As a test, let's choose the last site in Jannicke's dataset and see what the values look like. To make things easier to visualise, we'll resample the series from daily to monthly by summing the pr
and prsn
values in each month and averaging those for tas
and wind
.
# Find the site code for the last site
stn_df.iloc[-1]
site 55.25_-4.75 lat 55.25 lon -4.75 lat_idx 69 lon_idx 10 Name: 1199, dtype: object
# Connect to db
con = sqlite3.connect(db_path)
# Get results for this site
sql = ('SELECT * FROM all_data '
'WHERE site = "55.25_-4.75"')
df = pd.read_sql_query(sql, con)
con.close()
# Tidy up
df['date'] = pd.to_datetime(df['date'])
df = df[['model', 'scen', 'site', 'date']+clim_vars]
df.head()
model | scen | site | date | pr | prsn | tas | wind | |
---|---|---|---|---|---|---|---|---|
0 | GFDL-ESM2M | rcp4p5 | 55.25_-4.75 | 2006-01-31 | 138.582535 | 55.705231 | 276.454407 | 8.947670 |
1 | GFDL-ESM2M | rcp4p5 | 55.25_-4.75 | 2006-02-28 | 125.084084 | 39.165077 | 276.629700 | 7.894089 |
2 | GFDL-ESM2M | rcp4p5 | 55.25_-4.75 | 2006-03-31 | 169.586319 | 57.175537 | 277.812744 | 8.662620 |
3 | GFDL-ESM2M | rcp4p5 | 55.25_-4.75 | 2006-04-30 | 66.351212 | 5.325392 | 281.408051 | 4.199535 |
4 | GFDL-ESM2M | rcp4p5 | 55.25_-4.75 | 2006-05-31 | 53.561909 | 0.000000 | 281.860382 | 5.012456 |
And now plot the data for the various model, scenario and variable combinations.
def dateplot(x, y, **kwargs):
""" Function for mapping Pandas time series to Seaborn
FacetGrid. See lower part of this page:
https://stanford.edu/~mwaskom/software/seaborn/generated/seaborn.FacetGrid.html
"""
ax = plt.gca()
data = kwargs.pop("data")
data.plot(x=x, y=y, ax=ax, **kwargs)
# Restructure data
df = pd.melt(df, id_vars=['model', 'scen', 'site', 'date'], var_name='var')
# Plot
g = sn.FacetGrid(df, row='model', col='var', hue='scen', sharey=False)
g.map_dataframe(dateplot, 'date', 'value')
plt.tight_layout()
mpld3.display()
The plot above is interactive - hovering the mouse over it will show pan and zoom tools in the bottom left-hand corner.
The blue and green lines on each plot show the curves for the two emissions scenarios.
This all seems to be working OK. I just need to find time to let my laptop run for ~22 hours undisturbed, which probably won't be until this weekend.
June 2016. Jannicke only needs monthly data, so the code now resamples each series to monthly. This reduces the total data volumne by a factor of ~12.

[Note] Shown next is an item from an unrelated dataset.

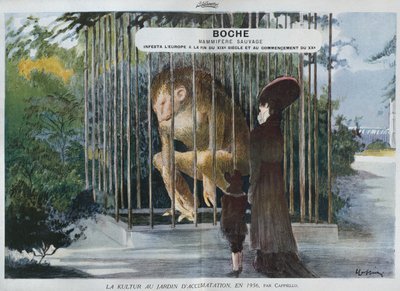 Boche, mammifère sauvage, infestait l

October 2016. Jannicke would like the code re-running for the entire period from 2006 to 2099. Also, I've noticed that Jannicke's stations list includes some duplicated site codes, so some results may end up in the output more than once. Update 17/10/2016: I've corrected this - see additions to the processing of the stations table, described above.